Striker Fulham membuat pengembalian signifikan yang diprediksi setelah absen dalam pertandingan pekan lalu karena cedera – menang dan kemudian mengkonversi dari titik penalti di awal babak kedua.

Itu merupakan gol penyeimbang kedua bagi The Whites dalam pertandingan tersebut dan menempatkan mereka di posisi terdepan.

Tapi berusaha sekuat tenaga, mereka tidak bisa memaksa pemenang dalam pertemuan yang mendebarkan.

Silva merasa kehilangan dua poin, mengingat momentum yang dibangun timnya setelah gol Mitrovic, tetapi dia tidak benar-benar mengecualikan keputusan nomor lawan Gary O’Neil bahwa pemain Serbia itu telah menipu wasit dengan menyeret Jefferson Lerma ke tanah , daripada sebaliknya.

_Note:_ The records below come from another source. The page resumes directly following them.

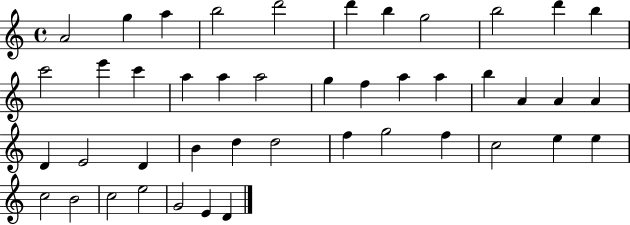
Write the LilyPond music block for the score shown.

{
  \clef treble
  \time 4/4
  \defaultTimeSignature
  \key c \major
  a'2 g''4 a''4 | b''2 d'''2 | d'''4 b''4 g''2 | b''2 d'''4 b''4 | \break c'''2 e'''4 c'''4 | a''4 a''4 a''2 | g''4 f''4 a''4 a''4 | b''4 a'4 a'4 a'4 | \break d'4 e'2 d'4 | b'4 d''4 d''2 | f''4 g''2 f''4 | c''2 e''4 e''4 | \break c''2 b'2 | c''2 e''2 | g'2 e'4 d'4 | \bar "|."
} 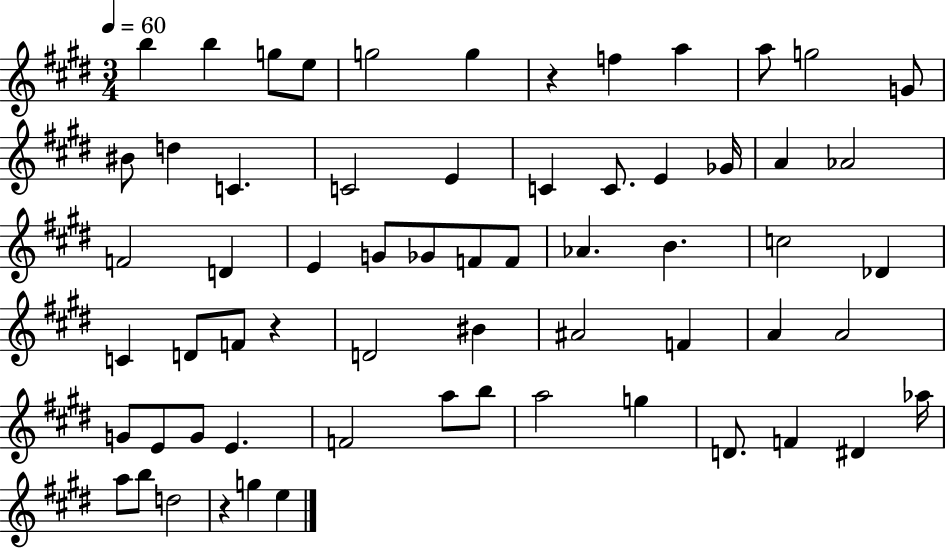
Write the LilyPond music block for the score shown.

{
  \clef treble
  \numericTimeSignature
  \time 3/4
  \key e \major
  \tempo 4 = 60
  b''4 b''4 g''8 e''8 | g''2 g''4 | r4 f''4 a''4 | a''8 g''2 g'8 | \break bis'8 d''4 c'4. | c'2 e'4 | c'4 c'8. e'4 ges'16 | a'4 aes'2 | \break f'2 d'4 | e'4 g'8 ges'8 f'8 f'8 | aes'4. b'4. | c''2 des'4 | \break c'4 d'8 f'8 r4 | d'2 bis'4 | ais'2 f'4 | a'4 a'2 | \break g'8 e'8 g'8 e'4. | f'2 a''8 b''8 | a''2 g''4 | d'8. f'4 dis'4 aes''16 | \break a''8 b''8 d''2 | r4 g''4 e''4 | \bar "|."
}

“Saya mengerti apa yang dikatakan Gary,” kata bos Fulham itu. “Apa yang ingin saya lihat – kami semua manajer ingin melihat konsistensi dalam keputusan.

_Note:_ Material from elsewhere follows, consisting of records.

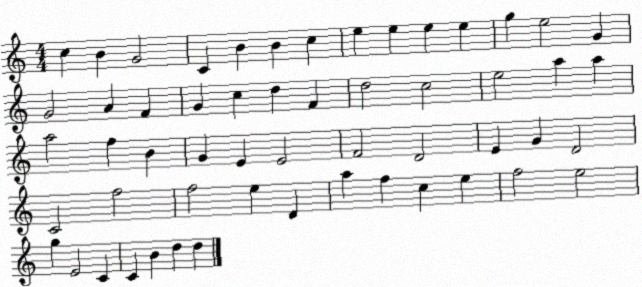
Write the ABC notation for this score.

X:1
T:Untitled
M:4/4
L:1/4
K:C
c B G2 C B B c e e e e g e2 G G2 A F G c d F d2 c2 e2 a a a2 f B G E E2 F2 D2 E G D2 C2 f2 f2 e D a f c e f2 e2 g E2 C C B d d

EDITORIAL USE ONLY No use with unauthorised audio, video, data, fixture lists, club/league logos or “live” services. Online in-match use limited to 120 images, no video emulation. No use in betting, games or single club/league/player publications. Mandatory Credit: Photo by Javier Garcia/Shutterstock (13464243aj) Issa Diop of Fulham celebrates scoring a goal after making it 1-1 Fulham v AFC Bournemouth, Premier League, Football, Craven Cottage, London, UK – 15 Oct 2022

“Semua orang minggu lalu mengatakan bahwa itu adalah penalti untuk West Ham melawan Fulham. David Moyes mengatakan itu adalah penalti yang jelas dan jelas. Jadi jika itu penalti, untuk konsistensi, yang ini harus penalti, 100 persen pasti, karena itu adalah hal yang sama.

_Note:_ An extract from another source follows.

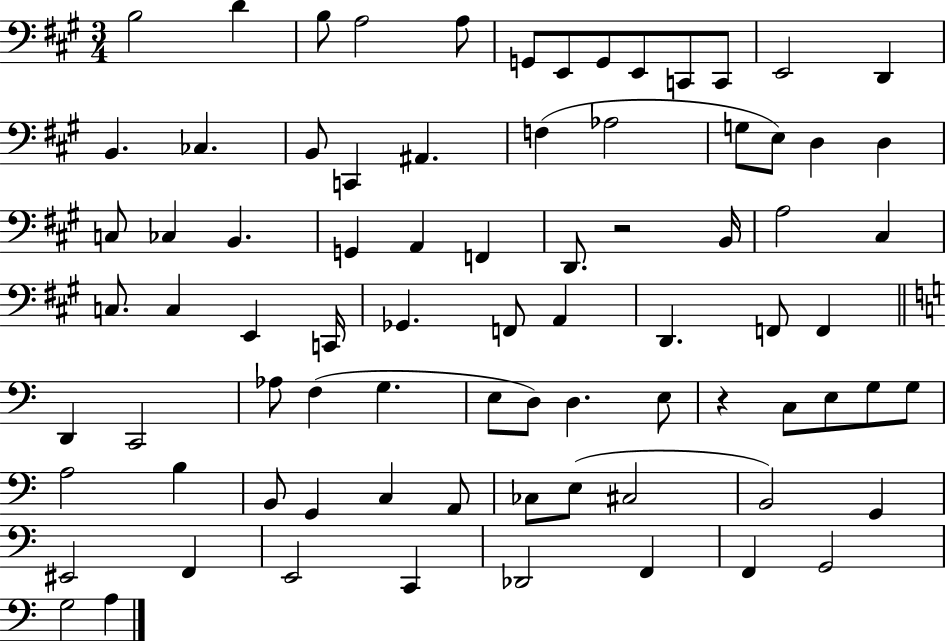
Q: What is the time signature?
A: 3/4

Ini adalah konsistensi yang ingin Anda lihat, sebagai manajer, di level kami saat ini.”

Silva mengatakan Issa Diop dipilih di depan Tosin murni ‘alasan teknis’ dan mengatakan bek, meskipun mencetak gol, masih memiliki pekerjaan yang harus dilakukan untuk mencapai level terbaiknya.

“Dia membutuhkan lebih banyak waktu untuk menjadi yang terbaik, karena dia memiliki kualitas tinggi,” kata Silva. “Kami harus terus bekerja dengannya untuk terus berkembang.”

Berbicara tentang permainan secara umum, Silva menambahkan: “Setelah dua kekalahan terakhir bagi kami, kami tahu bahwa sangat penting untuk memulai dengan baik di depan, untuk menciptakan gol dan percaya diri. Apa yang terjadi adalah sebaliknya. pertandingan kami kebobolan gol.

“Tetapi setelah itu, saya harus bangga dengan reaksi tim kami. Mereka mengendalikan pertandingan, mendorong mereka ke belakang dan menciptakan beberapa momen berbahaya di sekitar kotak penalti mereka.

“Kami membuat perubahan yang berdampak besar pada permainan dan babak kedua semua dari diri kami sendiri dan setelah kami menyamakan kedudukan, kami bermain berkali-kali di sekitar kotak mereka sehingga kami bisa mencetak lebih banyak gol.

“Itu adalah sesuatu yang mungkin pantas didapatkan oleh para pemain kami, dengan karakter yang mereka tunjukkan.”

Tinggalkan Balasan

Situs ini menggunakan Akismet untuk mengurangi spam. Pelajari bagaimana data komentar Anda diproses.